ASTR 1040                                                                      Spring, 2005

HOMEWORK NO. 1

Due date:  Thursday, January 27

1. How much less would you weigh on the summit of Mt. Everest (altitude 8.84 km).  Give your answer as a fraction of your sea-level weight; no need to tell me what you actually weigh!

2. A binary star system is observed.  The orbital period is P = 17.28 years, and the semimajor axis, in angular units, is 0.44".  The distance to the system is 22 pc (recall that 1 pc = 206,265 AU).  The distance from star 1 to the center of mass of the system is 0.273 of the total distance between the two stars.  What are the masses of the individual stars?  Solar units are fine.  (Hint:  You'll have to use the small-angle approximation to convert the semimajor axis into linear units.  Also, note that the ratio of distances from the center of mass gives you the ratio of the masses of the two stars.)

3. Suppose a star has a luminosity of 780 times the solar luminosity, and its spectrum shows a wavelength of maximum emission of 1074Å.  What is the radius of the star, in both basic units (meters) and in solar units?

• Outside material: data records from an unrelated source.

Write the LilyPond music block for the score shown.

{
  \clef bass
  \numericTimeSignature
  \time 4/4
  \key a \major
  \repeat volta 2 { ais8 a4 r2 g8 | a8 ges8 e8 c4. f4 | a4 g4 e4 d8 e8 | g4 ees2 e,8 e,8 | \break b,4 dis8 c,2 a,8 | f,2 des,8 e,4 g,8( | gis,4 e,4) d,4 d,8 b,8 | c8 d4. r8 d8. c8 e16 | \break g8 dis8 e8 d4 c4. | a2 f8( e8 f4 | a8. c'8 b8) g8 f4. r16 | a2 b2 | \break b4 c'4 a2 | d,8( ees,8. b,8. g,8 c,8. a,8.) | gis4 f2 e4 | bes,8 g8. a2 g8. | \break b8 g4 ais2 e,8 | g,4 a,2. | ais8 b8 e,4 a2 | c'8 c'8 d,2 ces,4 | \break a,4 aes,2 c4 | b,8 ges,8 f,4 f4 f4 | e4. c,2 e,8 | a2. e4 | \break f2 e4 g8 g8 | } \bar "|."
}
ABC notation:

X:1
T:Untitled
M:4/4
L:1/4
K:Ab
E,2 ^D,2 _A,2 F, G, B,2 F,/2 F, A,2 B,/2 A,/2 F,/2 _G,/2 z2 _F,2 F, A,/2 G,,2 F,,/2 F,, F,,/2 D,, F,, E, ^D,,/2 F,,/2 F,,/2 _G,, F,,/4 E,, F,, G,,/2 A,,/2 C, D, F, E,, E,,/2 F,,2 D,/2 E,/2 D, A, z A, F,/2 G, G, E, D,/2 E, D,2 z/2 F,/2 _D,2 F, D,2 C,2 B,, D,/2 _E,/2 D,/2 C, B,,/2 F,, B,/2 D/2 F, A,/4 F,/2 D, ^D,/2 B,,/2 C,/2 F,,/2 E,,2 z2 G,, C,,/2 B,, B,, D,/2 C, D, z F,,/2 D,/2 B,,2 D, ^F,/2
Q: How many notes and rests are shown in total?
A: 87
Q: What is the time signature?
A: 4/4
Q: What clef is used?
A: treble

4. The energy needed to ionize a hydrogen atom (from its ground state) is 2.18 X10^-18 J.  What wavelength of photon does this energy correspond to?  What kind of telescope is needed to observe at that wavelength?  How fast would an electron have to be moving to have this much kinetic energy, so that it could cause collisional ionization?

5. The Rydberg formula for the spectral lines of hydrogen is

1/lambda = R(1/n^2 - 1/m^2), n = 1, 2, 3, ...; m = n+1, n+2, ...∞.

The value of R is R = 1.097 X 10^5 cm-1.  Calculate the wavelengths of the first three lines and the ionization limit (m = ∞) for the Paschen (n = 3) and the Brackett (n = 4) series. Express all wavelengths in Å.